GIVEN DATA –
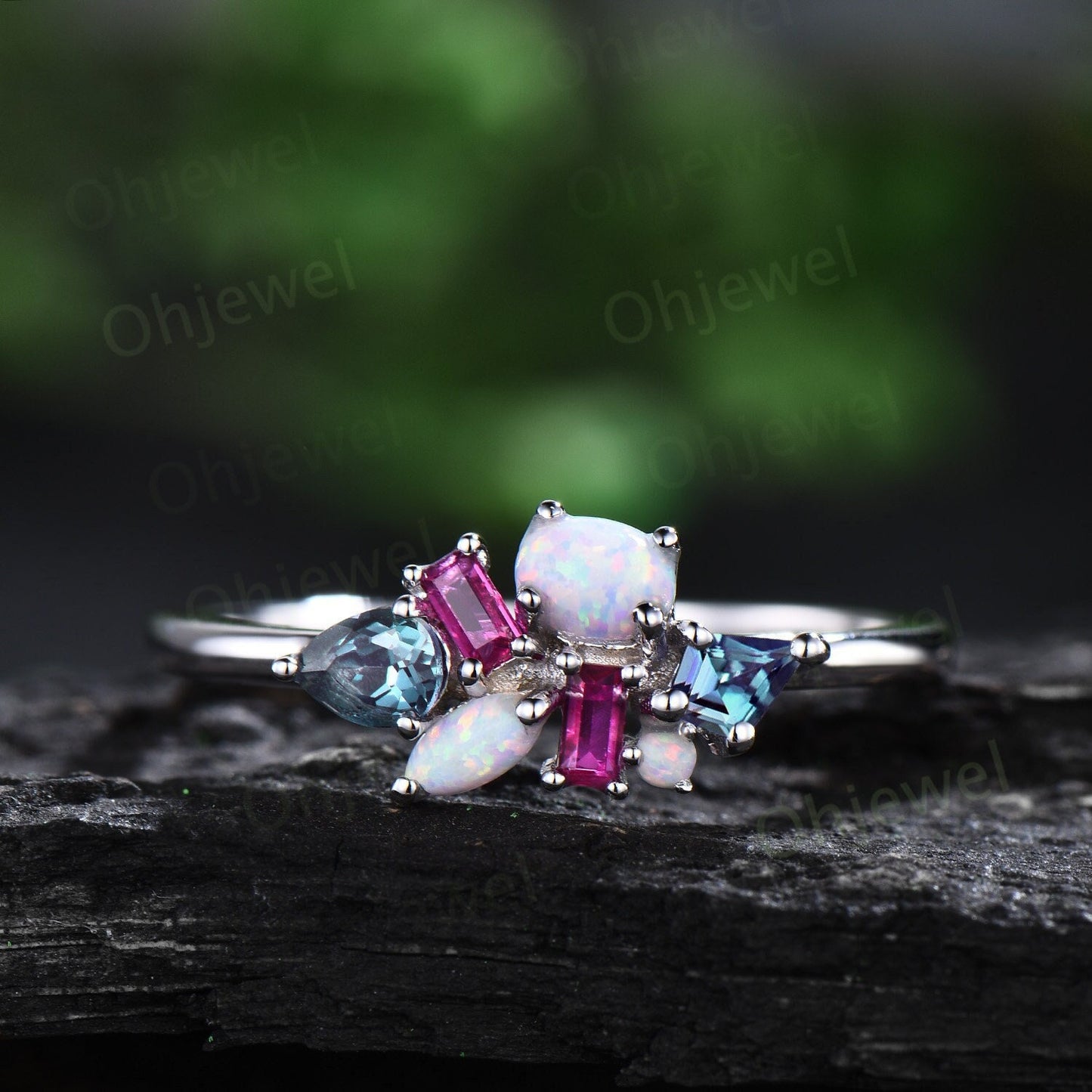 Cluster oval opal ring Personalized kite alexandrite ring 14k white gold baguette ruby ring women dainty unique wedding ring band gift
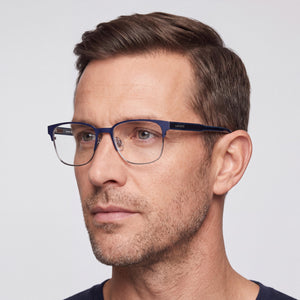 Lacoste L2304 N Square Eyeglasses Men — side view, Blue temples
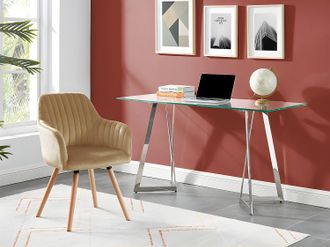 Vente-Unique Sedia con braccioli Velluto e Metallo Effetto Legno Beige - Lotto di 2 - ELEANA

TASK DESCRIPTION – Down to the last line, set down the data above exactly, and omit all images.

ANSWER –
 Cluster oval opal ring Personalized kite alexandrite ring 14k white gold baguette ruby ring women dainty unique wedding ring band gift
 Lacoste L2304 N Square Eyeglasses Men — side view, Blue temples
 Vente-Unique Sedia con braccioli Velluto e Metallo Effetto Legno Beige - Lotto di 2 - ELEANA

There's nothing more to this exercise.